Quando viu que a ligação tinha terminado, fui para a poltrona, deixando a cama toda para Sam. Visto que ambos tivemos dias horríveis, ele merecia um pouco de conforto. Parecia exausto, como se não dormisse a dias. Talvez fosse isso mesmo.
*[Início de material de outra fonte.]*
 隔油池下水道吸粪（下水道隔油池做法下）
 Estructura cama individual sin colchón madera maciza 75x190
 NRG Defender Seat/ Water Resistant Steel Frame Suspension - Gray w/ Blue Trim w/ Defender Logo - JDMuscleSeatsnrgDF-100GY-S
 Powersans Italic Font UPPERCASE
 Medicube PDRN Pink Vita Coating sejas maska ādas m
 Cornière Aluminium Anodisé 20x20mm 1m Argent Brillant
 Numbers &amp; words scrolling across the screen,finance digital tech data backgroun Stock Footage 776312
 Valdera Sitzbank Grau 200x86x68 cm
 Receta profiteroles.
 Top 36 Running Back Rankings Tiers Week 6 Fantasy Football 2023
Agora, sem maquiagem e um pouco mais sóbria, analisei a situação. Estava longe de casa com um estranho. Não tão estranho assim. Apesar de ter mentido quanto ao objetivo do trabalho, ele veio para dar um tempo de alguma coisa. "Você jogou a merda no ventilador, Claire", foi isso que disse pra mulher do telefonema. Claire. Namorada, ou esposa. Que seja. Iria esperar o primeiro raio de sol da manhã pra cair fora. Não podia me meter em outro problema. E sair de onde estavam com cara comprometido seria um dos grandes. Também não queria por Sam em problemas. Por de trás de um cara rude, acreditava que havia alguém bem legal ali no fundo.
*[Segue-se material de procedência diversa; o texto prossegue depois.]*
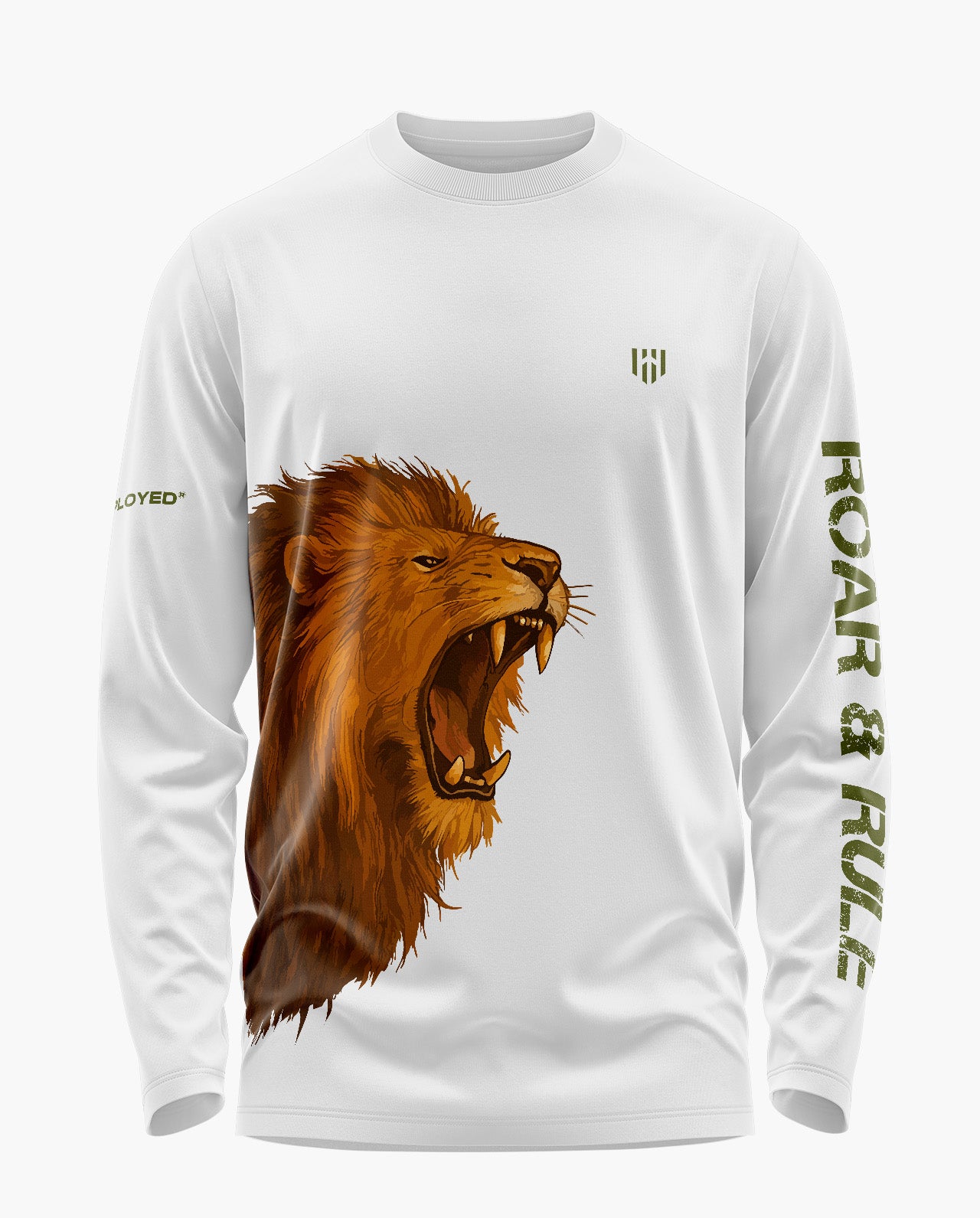 Roar & Rule Signature Luxesoft Cotton Full Sleeve T-Shirt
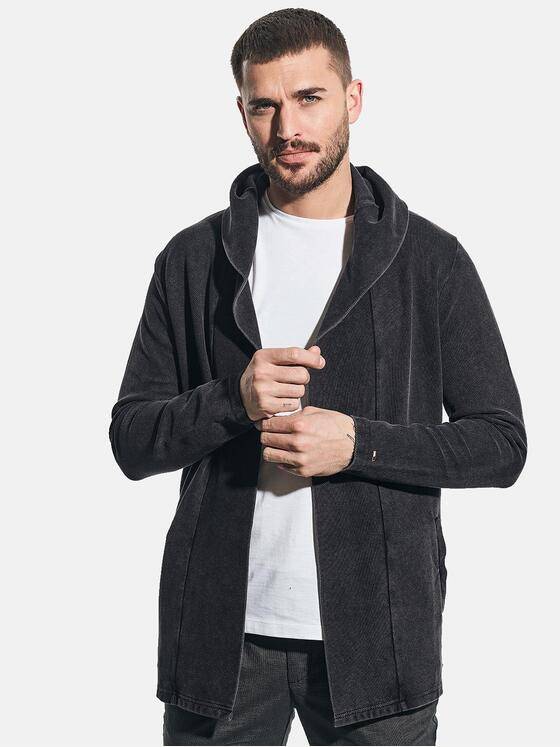emilio adani Herren Sweatshirt Schwarz 31134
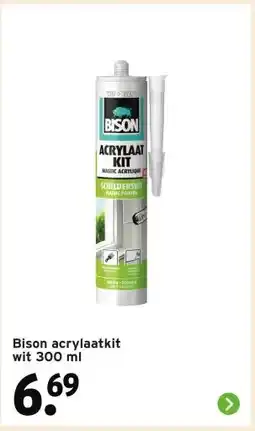 GAMMA Bison acrylaatkit wit aanbieding
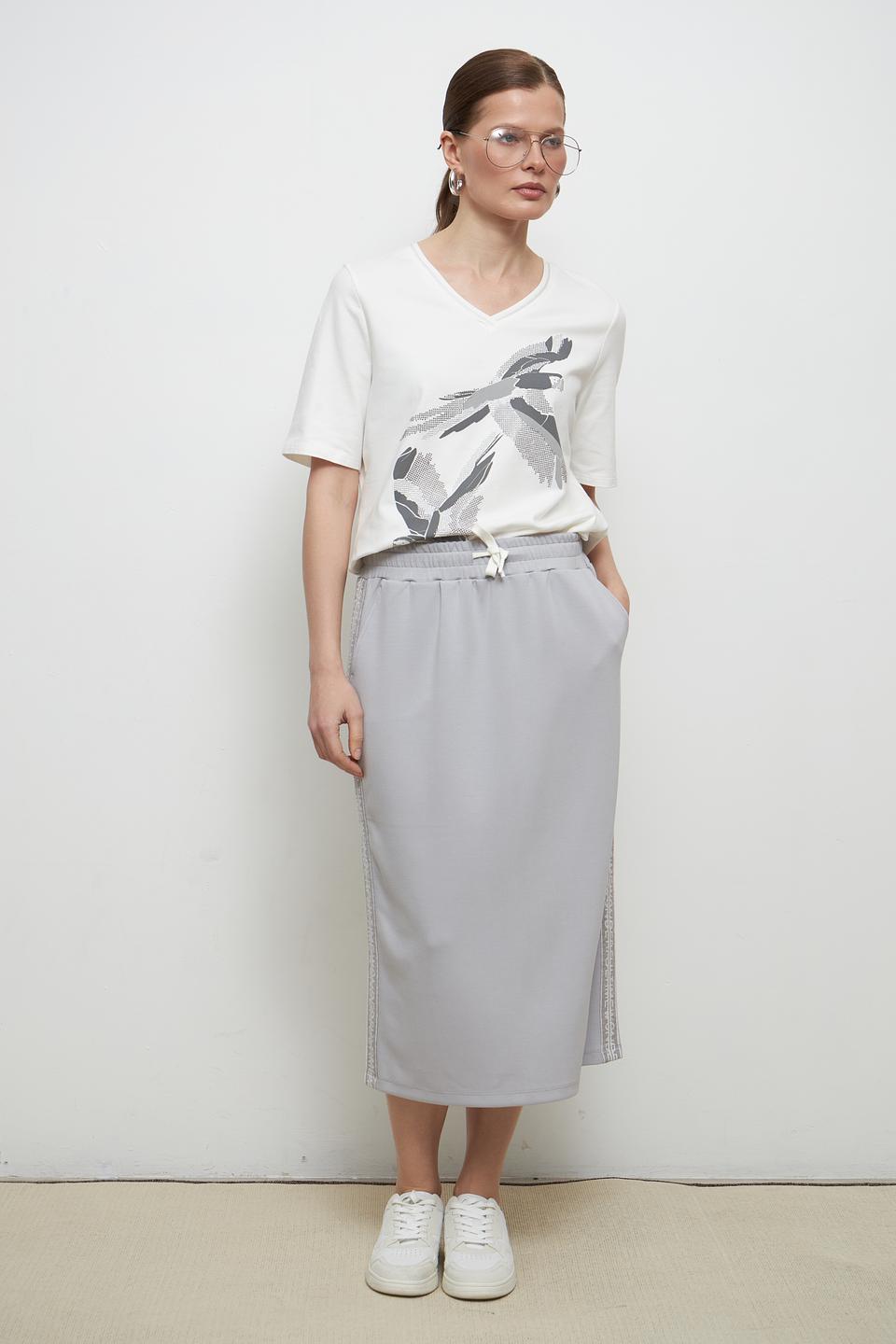 Футболка Lebek с принтом птиц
Ele se sentou na cama, de costas para mim, com as mãos no rosto. Pude ouvir um suspiro vindo dele.
- Quanto a Claire? Vai se meter em problemas por minha causa?.
-Ela não é ninguém com quem devemos nos importar agora.
-Era sua esposa?
-Ex-esposa.
-Sinto muito que as coisas estejam assim entre vocês.
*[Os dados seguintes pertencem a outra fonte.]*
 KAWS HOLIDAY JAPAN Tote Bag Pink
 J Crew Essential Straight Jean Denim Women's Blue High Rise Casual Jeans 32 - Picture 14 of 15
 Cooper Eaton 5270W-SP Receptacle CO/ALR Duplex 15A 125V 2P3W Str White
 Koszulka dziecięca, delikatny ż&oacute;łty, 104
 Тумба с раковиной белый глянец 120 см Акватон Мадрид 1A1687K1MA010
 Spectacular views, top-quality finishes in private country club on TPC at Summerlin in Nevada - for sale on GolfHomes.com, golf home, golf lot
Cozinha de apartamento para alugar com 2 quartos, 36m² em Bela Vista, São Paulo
-SENTE? COMO PODE SENTIR SEM AO MENOS NOS CONHECER?
-Ahh, e-eu não quis..
-NÃO É VOCÊ QUEM ESTÁ COM A VIDA DESMORONANDO BEM DE BAIXO DO NARIZ E NÃO CONSEGUE MANTER O CONTROLE EM ABSOLUTAMENTE NADA.
-Talvez se não quisesse ser tão controlador assim, rude com as pessoas, as coisas funcionassem melhor pra você!
- VOCÊ ME ACHA RUDE? ACHA QUE EU SOU ASSIM PORQUÊ QUERO?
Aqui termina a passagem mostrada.